U.S. and British troops are both simultaneously conducting situational exercises here and at the JMRC’s Hohenfels Training Areas. What has been dubbed “connected training” is proving they can all link into the same training exercises and receive unparalleled multinational training from a U.S. Army combat training center.
U.S. Soldiers, from 2nd Squadron, 2nd Cavalry Regiment, are training with NATO allies and partners during Operation Wind Spring, a satellite exercise held in Romania that is part of the larger multinational exercise, known as Exercise Saber Junction 15, which will conclude at U.S. Army Europe’s Hohenfels Training Area, April 30.
Multinational exercises, including Operation Wind Spring, are becoming a commonplace as the U.S. Army encourages interoperability with its NATO allies and partners through connected training.
What in the past was confined to a single geographical area has now expanded throughout Europe. So while the Romanian 282nd Mechanized Infantry Brigade fights a replicated enemy played by U.S. Soldiers, assigned to the 1st Battalion, 4th Infantry Regiment in Romania, that same enemy is being fought at the Hohenfels Training Area in Germany – as part of Exercise Saber Junction 15.

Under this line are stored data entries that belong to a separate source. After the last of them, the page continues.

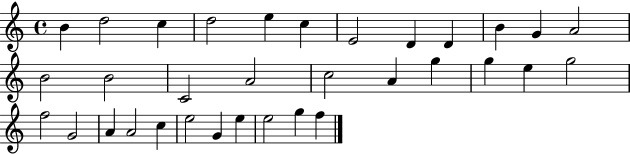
B4/q D5/h C5/q D5/h E5/q C5/q E4/h D4/q D4/q B4/q G4/q A4/h B4/h B4/h C4/h A4/h C5/h A4/q G5/q G5/q E5/q G5/h F5/h G4/h A4/q A4/h C5/q E5/h G4/q E5/q E5/h G5/q F5/q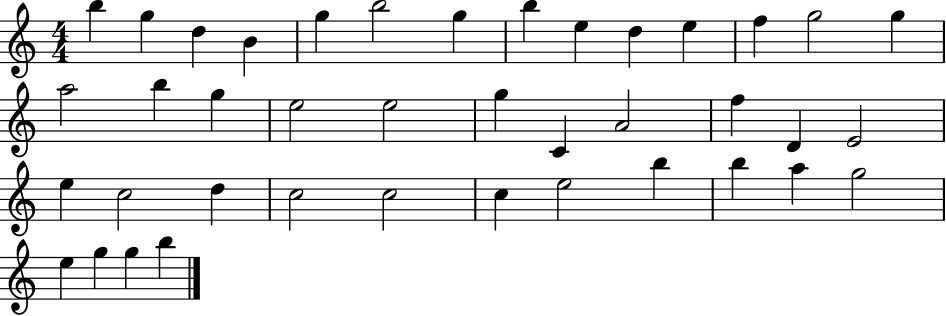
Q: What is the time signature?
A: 4/4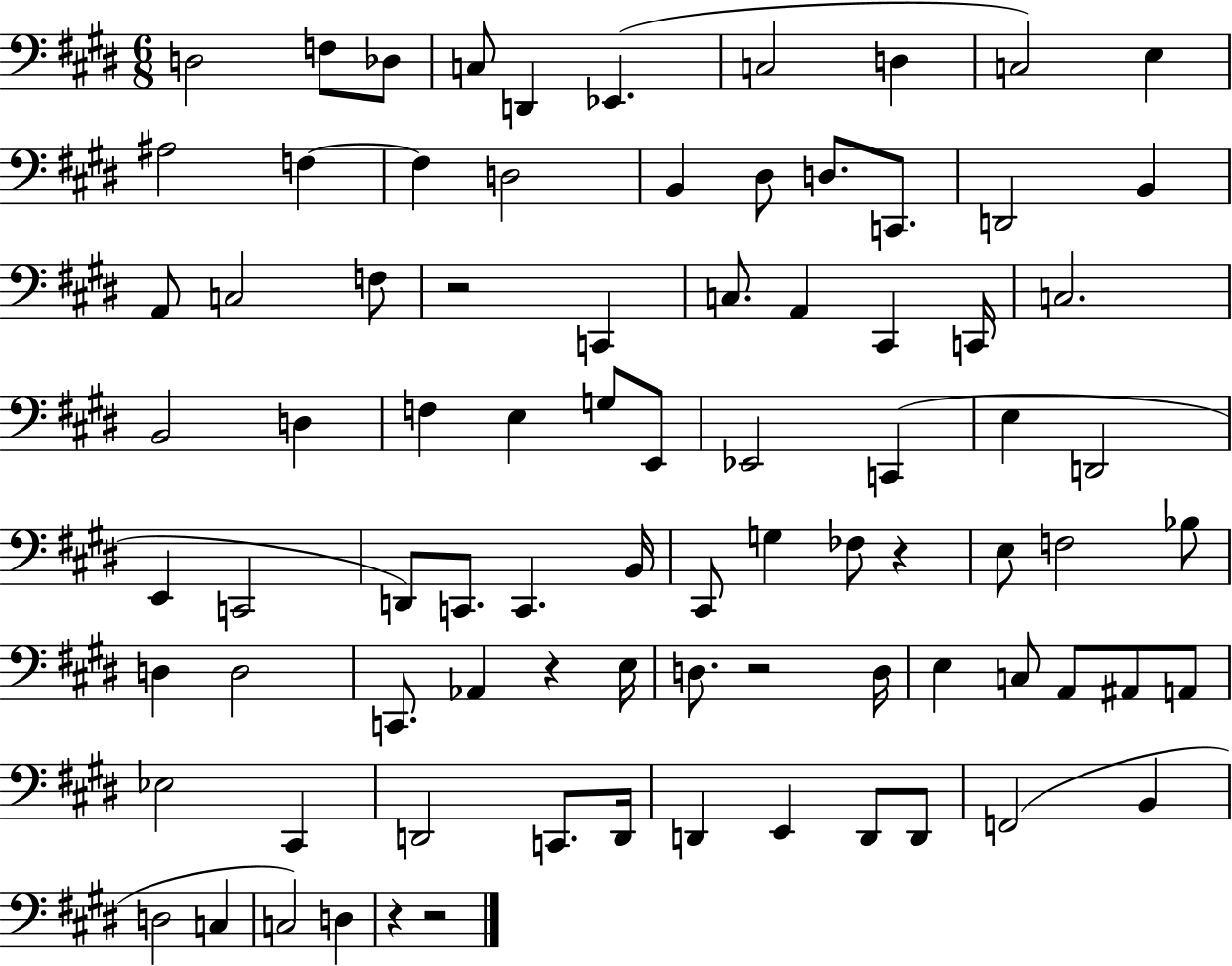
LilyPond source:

{
  \clef bass
  \numericTimeSignature
  \time 6/8
  \key e \major
  d2 f8 des8 | c8 d,4 ees,4.( | c2 d4 | c2) e4 | \break ais2 f4~~ | f4 d2 | b,4 dis8 d8. c,8. | d,2 b,4 | \break a,8 c2 f8 | r2 c,4 | c8. a,4 cis,4 c,16 | c2. | \break b,2 d4 | f4 e4 g8 e,8 | ees,2 c,4( | e4 d,2 | \break e,4 c,2 | d,8) c,8. c,4. b,16 | cis,8 g4 fes8 r4 | e8 f2 bes8 | \break d4 d2 | c,8. aes,4 r4 e16 | d8. r2 d16 | e4 c8 a,8 ais,8 a,8 | \break ees2 cis,4 | d,2 c,8. d,16 | d,4 e,4 d,8 d,8 | f,2( b,4 | \break d2 c4 | c2) d4 | r4 r2 | \bar "|."
}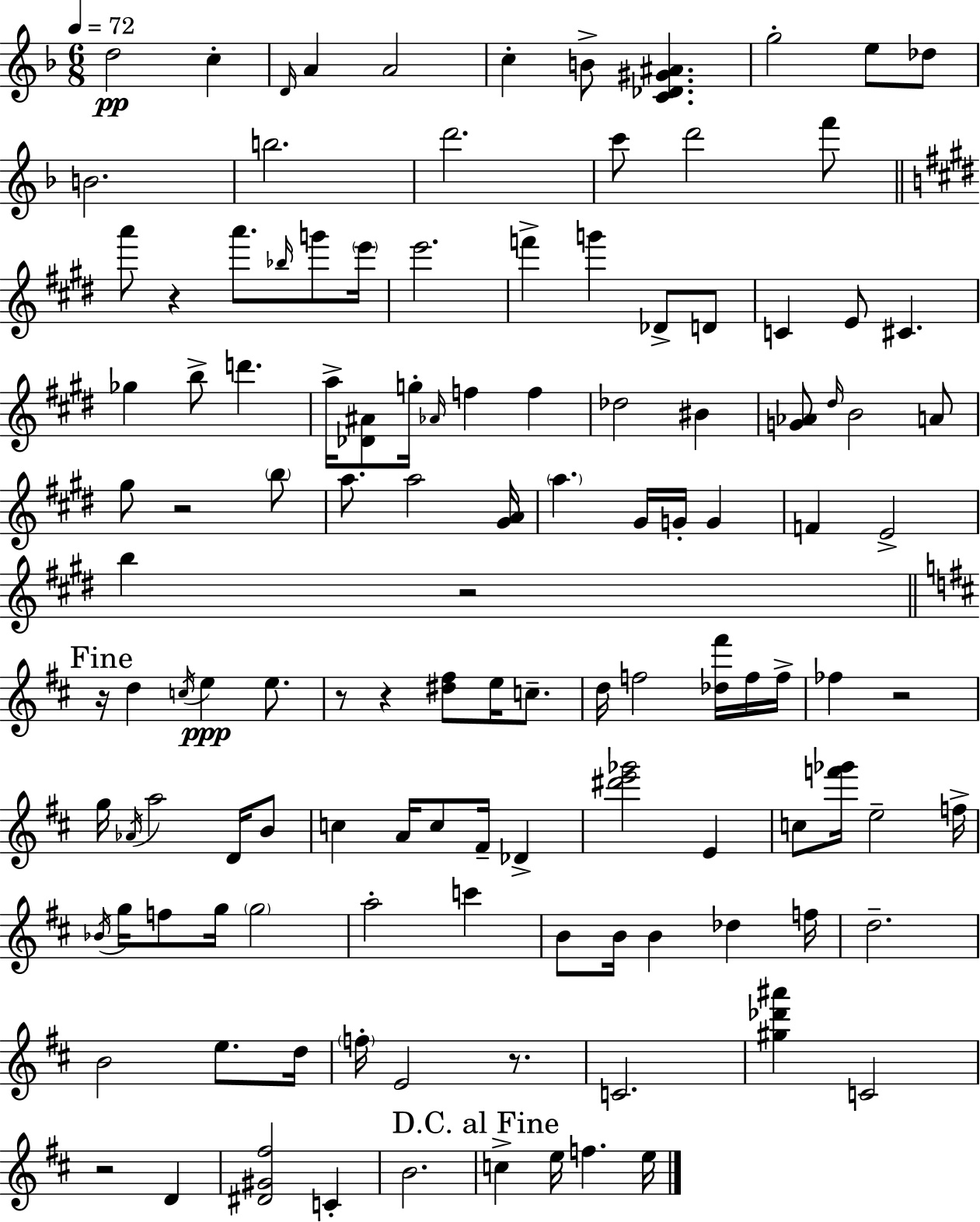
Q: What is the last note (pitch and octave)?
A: E5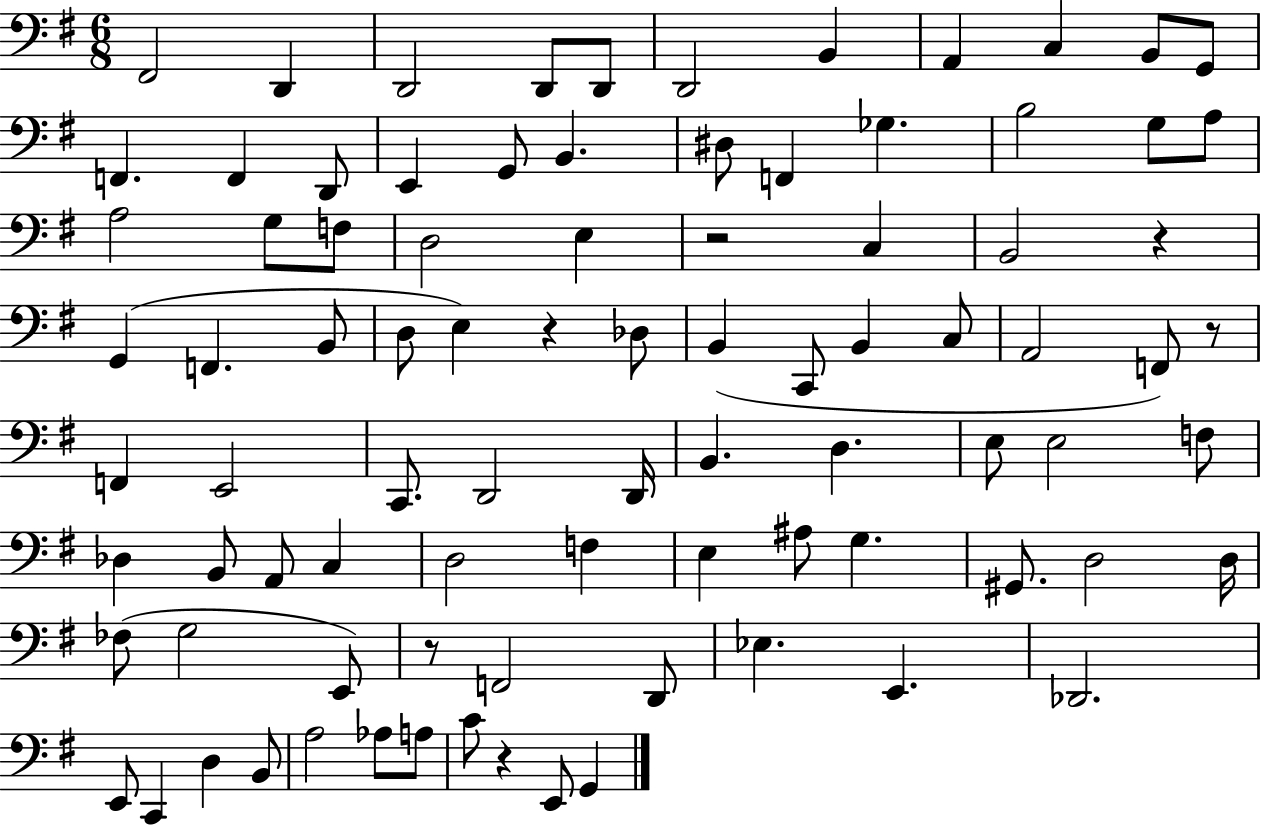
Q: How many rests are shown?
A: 6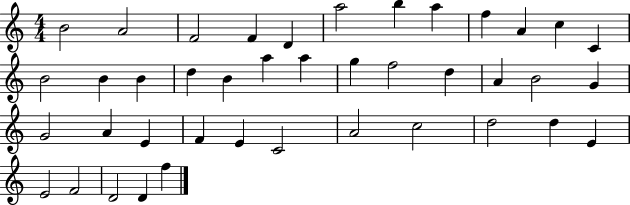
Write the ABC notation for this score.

X:1
T:Untitled
M:4/4
L:1/4
K:C
B2 A2 F2 F D a2 b a f A c C B2 B B d B a a g f2 d A B2 G G2 A E F E C2 A2 c2 d2 d E E2 F2 D2 D f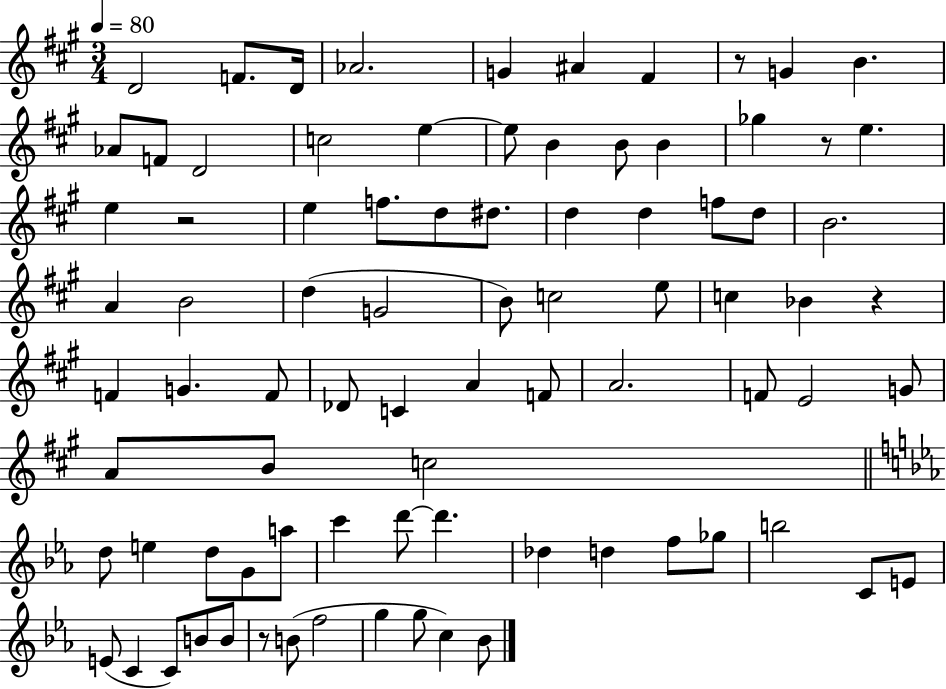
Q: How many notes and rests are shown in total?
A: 84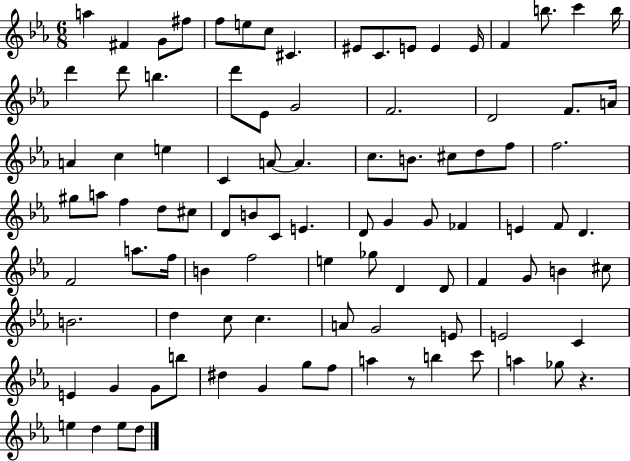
{
  \clef treble
  \numericTimeSignature
  \time 6/8
  \key ees \major
  a''4 fis'4 g'8 fis''8 | f''8 e''8 c''8 cis'4. | eis'8 c'8. e'8 e'4 e'16 | f'4 b''8. c'''4 b''16 | \break d'''4 d'''8 b''4. | d'''8 ees'8 g'2 | f'2. | d'2 f'8. a'16 | \break a'4 c''4 e''4 | c'4 a'8~~ a'4. | c''8. b'8. cis''8 d''8 f''8 | f''2. | \break gis''8 a''8 f''4 d''8 cis''8 | d'8 b'8 c'8 e'4. | d'8 g'4 g'8 fes'4 | e'4 f'8 d'4. | \break f'2 a''8. f''16 | b'4 f''2 | e''4 ges''8 d'4 d'8 | f'4 g'8 b'4 cis''8 | \break b'2. | d''4 c''8 c''4. | a'8 g'2 e'8 | e'2 c'4 | \break e'4 g'4 g'8 b''8 | dis''4 g'4 g''8 f''8 | a''4 r8 b''4 c'''8 | a''4 ges''8 r4. | \break e''4 d''4 e''8 d''8 | \bar "|."
}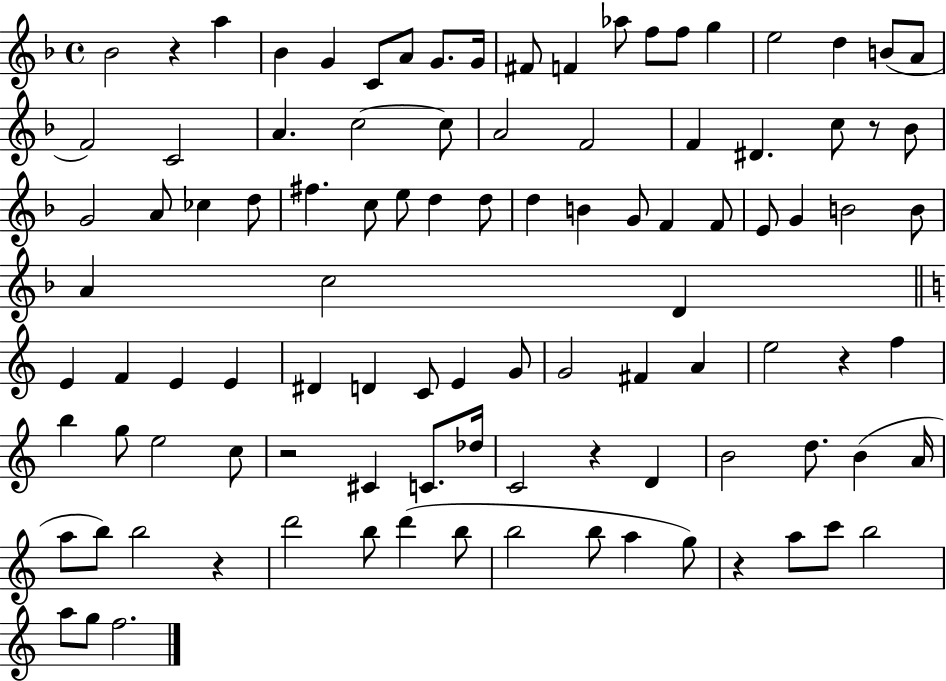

“During [Exercise] Saber Junction 15, we have a Division [4th Infantry Division] providing mission command for one live brigade in Hohenfels [2nd Squadron, 2nd Cavalry Regiment], and a Romanian Brigade [282nd Romanian Mechanized Infantry Brigade] and [a] Lithuanian Battalion in a simulated environment, simulating units operating side-by-side,” said Capt. Hector Rueda, assigned to the Joint Multinational Readiness Center’s Warhog observer coach trainer, or OCT, team. “This training highlights multinational interoperability at all levels.”
JMRC’s OCTs conceptualize, administer and monitor the bulk of the training at the JMRC. The JMRC often sends OCT teams to multiple countries, which also expands training to countries unable to participate in the large-scale training exercises.
“The Romanian brigade is very receptive of all feedback provided by OCTs at all levels and as the exercise progresses, the units continue to improve,” Rueda said. “We are able to give an unbiased, outside perspective, to training units that help further refine their military operations.”
U.S. Army training continues to evolve. The Multinational Interoperability Program Gateway, or MIP, allows multinational command and control systems to pass data across different networks for collaborative sharing of information.
“This allows units to exercise adjacent unit coordination and synchronization of assets and enablers, because they are seeing a common operating picture as their multinational partners,” Rueda said.